● **Exercise description**:
Write out word for word each line from the one containing "Freunde hängen auf der Bowlingbahn Stockfoto" through the close of the listing, including both ends. Pictures do not belong in the copy.

********************

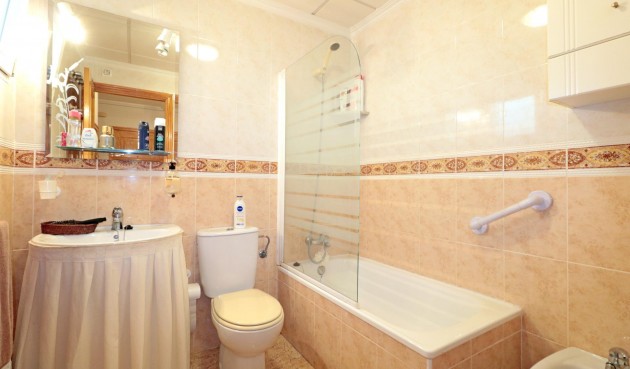 Resale - Apartment -
Torrevieja - Acequion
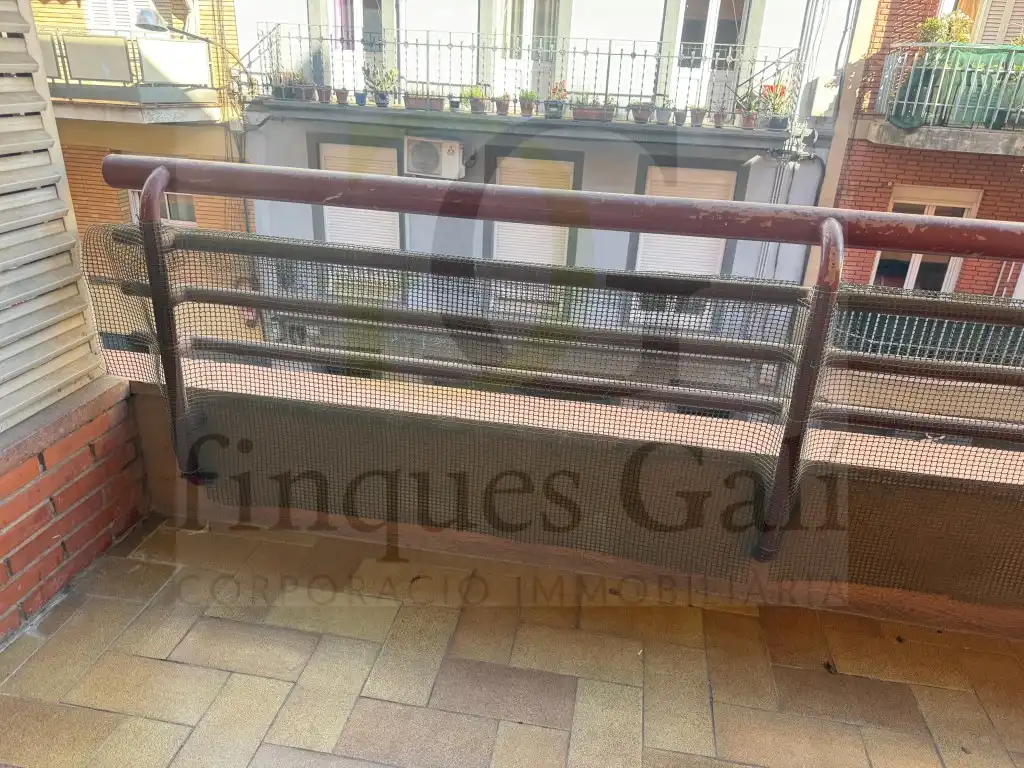 Piso en venta en Calle Circumval.Lacio, Centre - Passeig i Rodalies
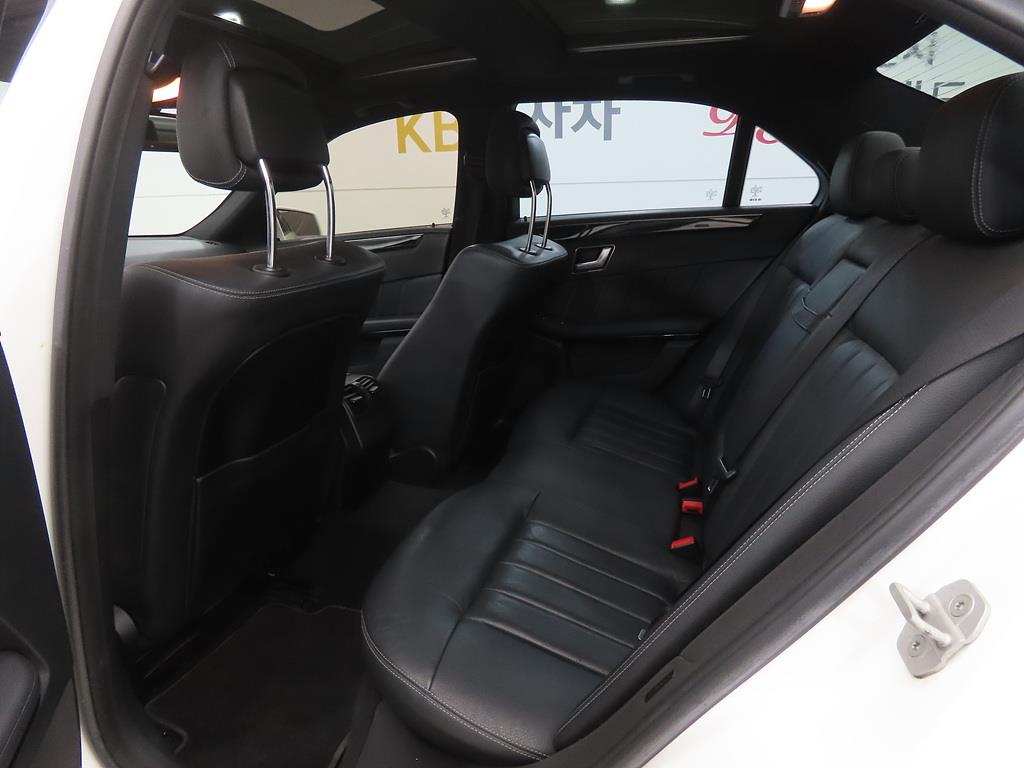 Mercedes Benz E class - Vista 6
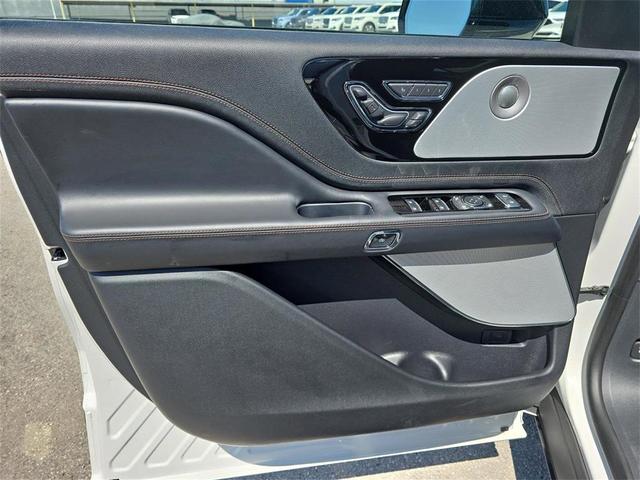 Photo of 2025 White Metallic Lincoln Aviator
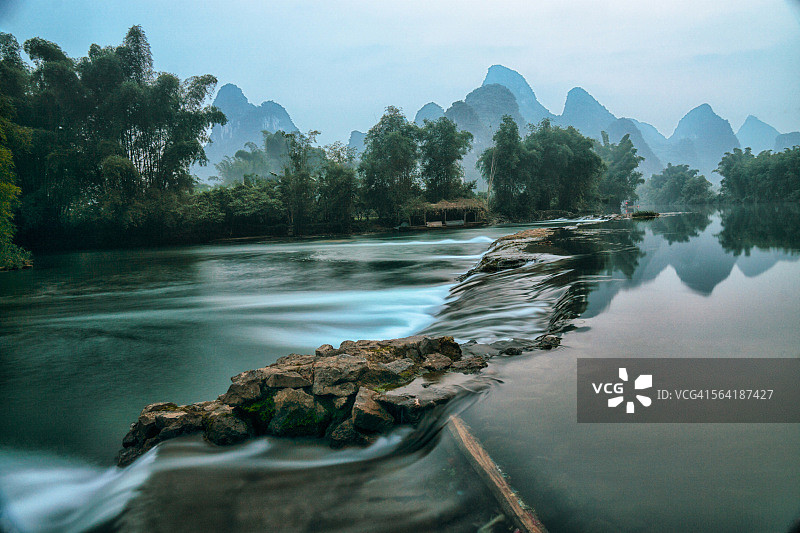 中国桂林，黎明时的漓江，背景是群山图片素材
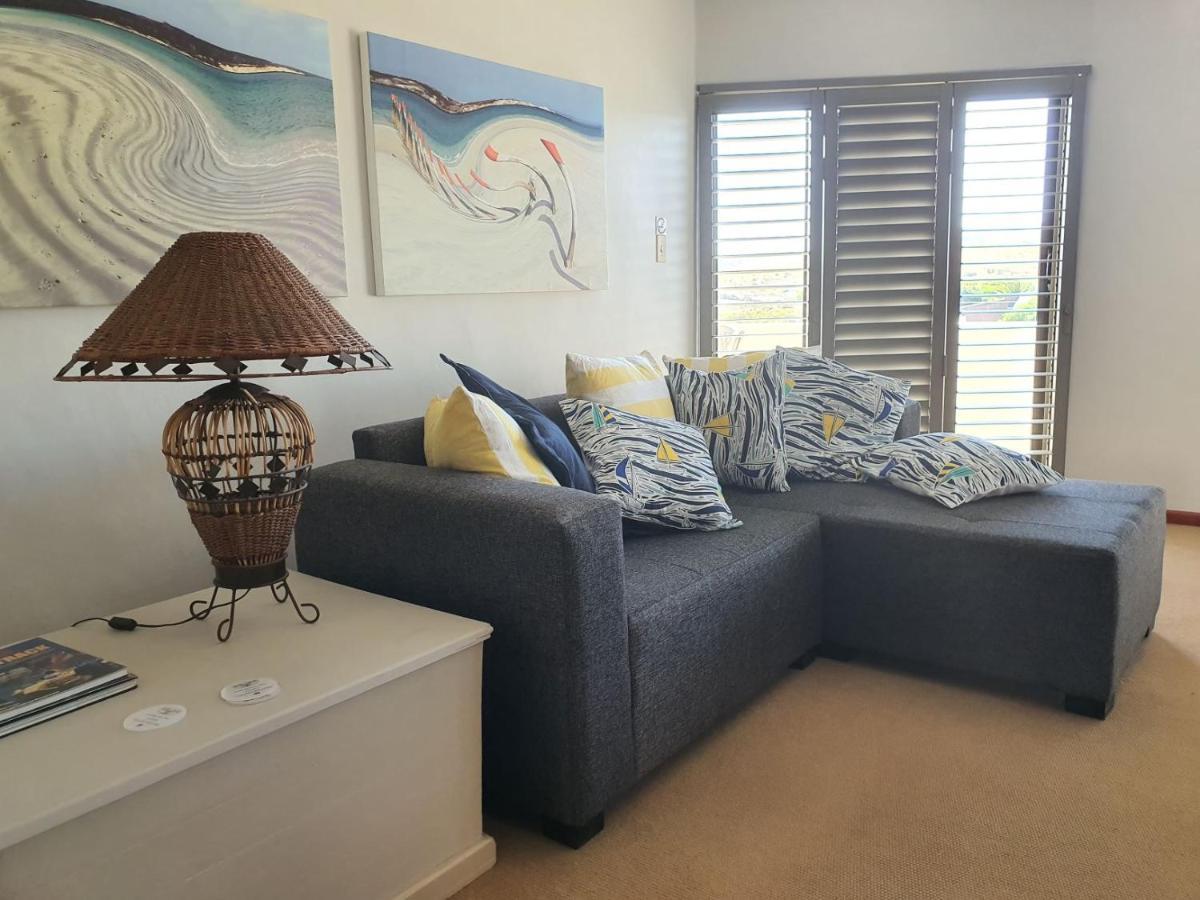 Albatross Guesthouse Langebaan Exterior foto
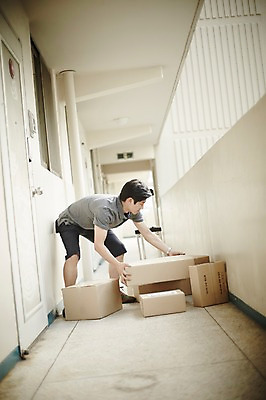 포토 JPG 주간 전신 남자 40대 중년 중년라이프 아파트 한명 서기 야외 옆모습 상자 한국인 복도 택배기사 택배 정리 짐수레 중년남자한명만 국내포토 자연요소 1 라이프스타일 뷰포인트 모션 주택 사람 동양인 성인 수레 운송업 배달원 남자한명만 중년남자만 파일형식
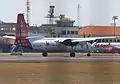Fokker F50 de TransNusa sur l'aéroport international Ngurah Rai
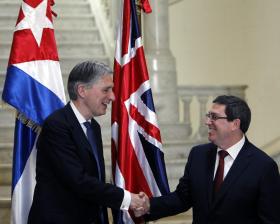 MNE BRITÂNICO VISITA CUBA PELA PRIMEIRA VEZ DESDE 1959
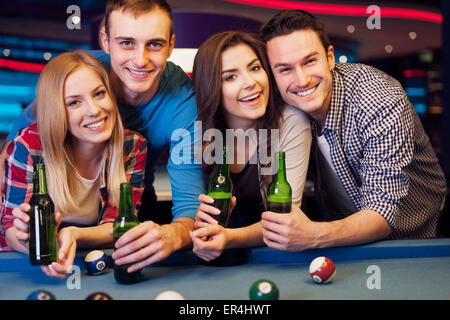 Freunde hängen auf der Bowlingbahn Stockfoto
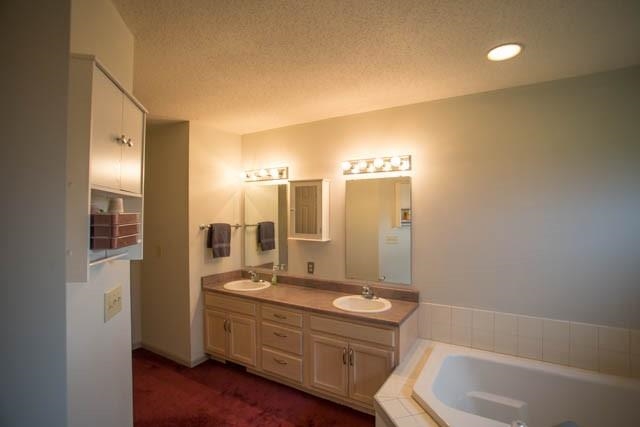 805 Bellingham Dr, Huntington, IN 46750 photo 14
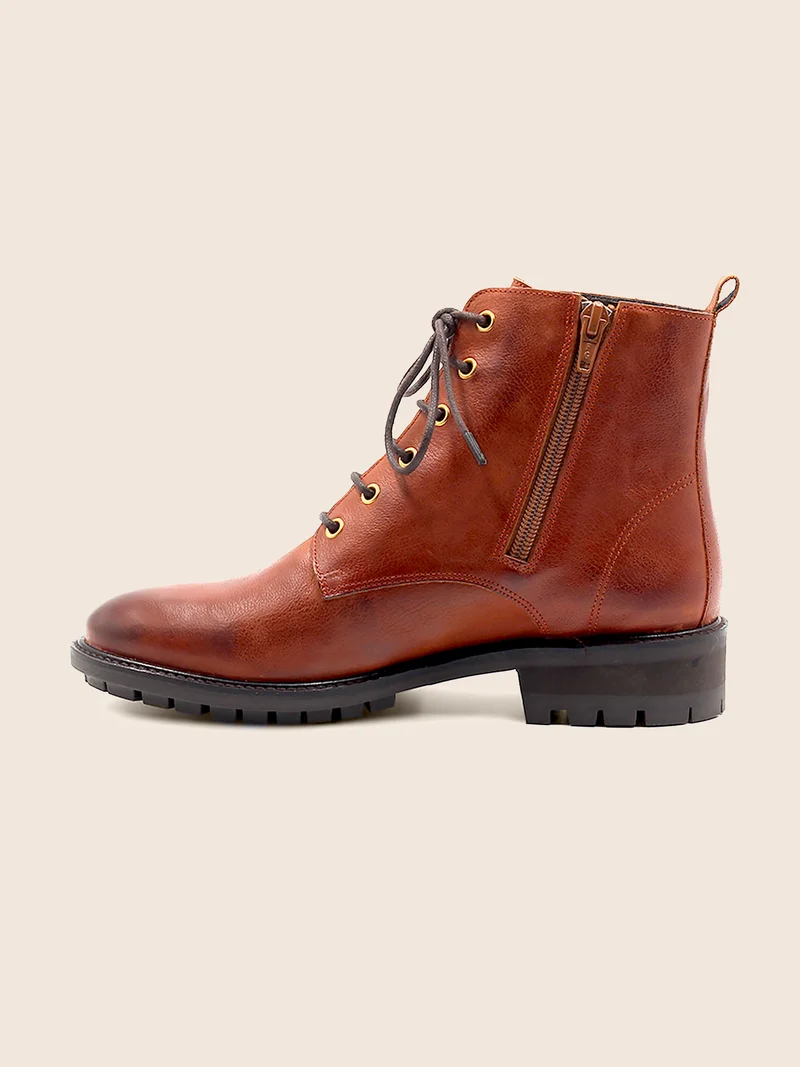 Bottines plates à lacet cuir cognac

********************

● **Result below**:
 Freunde hängen auf der Bowlingbahn Stockfoto
 805 Bellingham Dr, Huntington, IN 46750 photo 14
 Bottines plates à lacet cuir cognac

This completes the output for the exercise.